▸ **Exercise instructions**
What you return should be the lines from the one with "4100 Tivoli Court, Unit" through the one with "2022. REUTERS/Adnan Abidi" in the data below, reproduced exactly with both ends, and no pictures at all.

▸ **Records for processing**

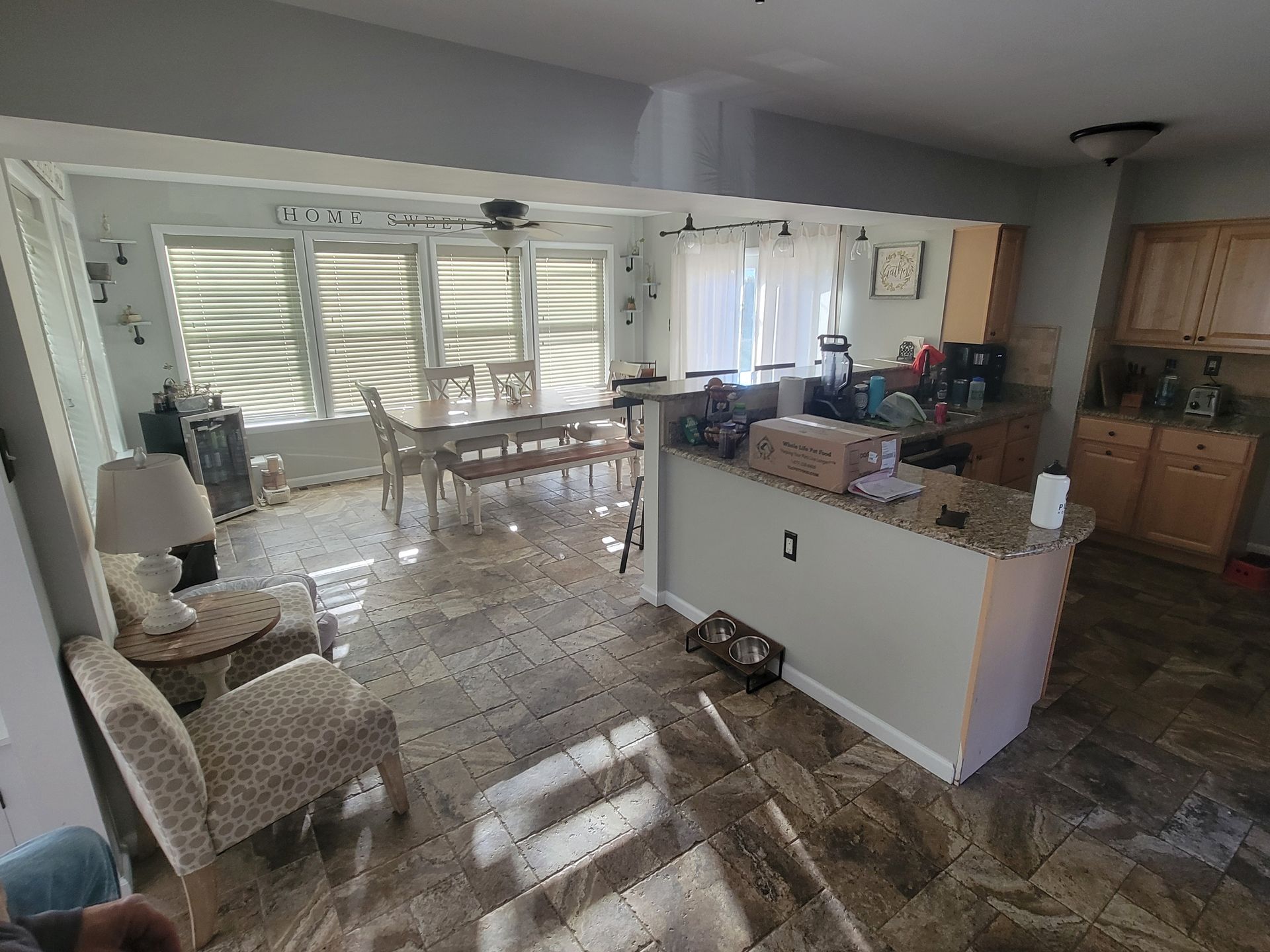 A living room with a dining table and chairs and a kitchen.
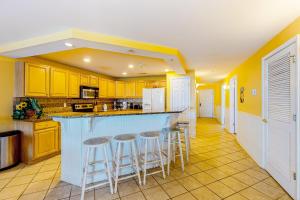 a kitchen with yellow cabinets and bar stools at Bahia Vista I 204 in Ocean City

...

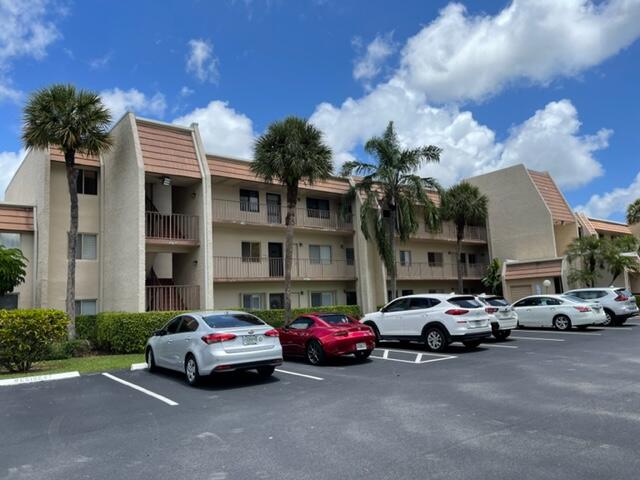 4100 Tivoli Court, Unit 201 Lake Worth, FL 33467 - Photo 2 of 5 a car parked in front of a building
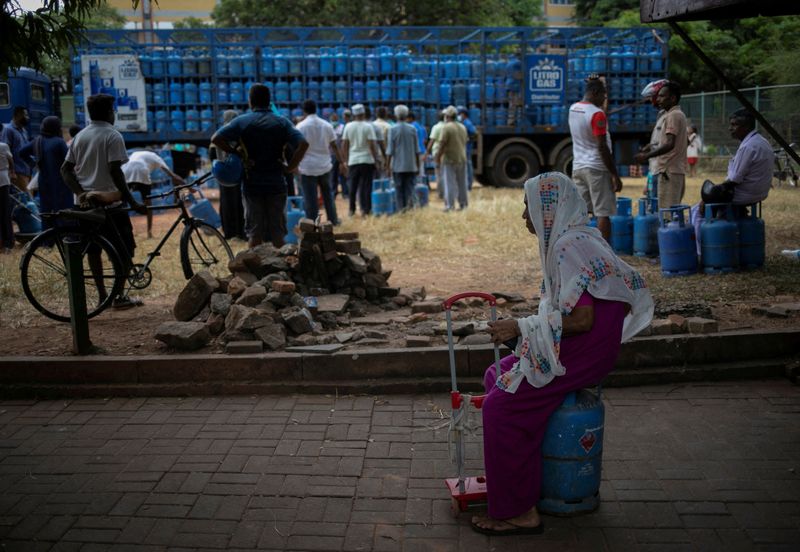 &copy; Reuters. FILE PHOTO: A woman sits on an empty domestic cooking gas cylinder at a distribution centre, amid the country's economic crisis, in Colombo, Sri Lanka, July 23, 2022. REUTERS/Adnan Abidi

▸ **Solution to the exercise**
 4100 Tivoli Court, Unit 201 Lake Worth, FL 33467 - Photo 2 of 5 a car parked in front of a building
 &copy; Reuters. FILE PHOTO: A woman sits on an empty domestic cooking gas cylinder at a distribution centre, amid the country's economic crisis, in Colombo, Sri Lanka, July 23, 2022. REUTERS/Adnan Abidi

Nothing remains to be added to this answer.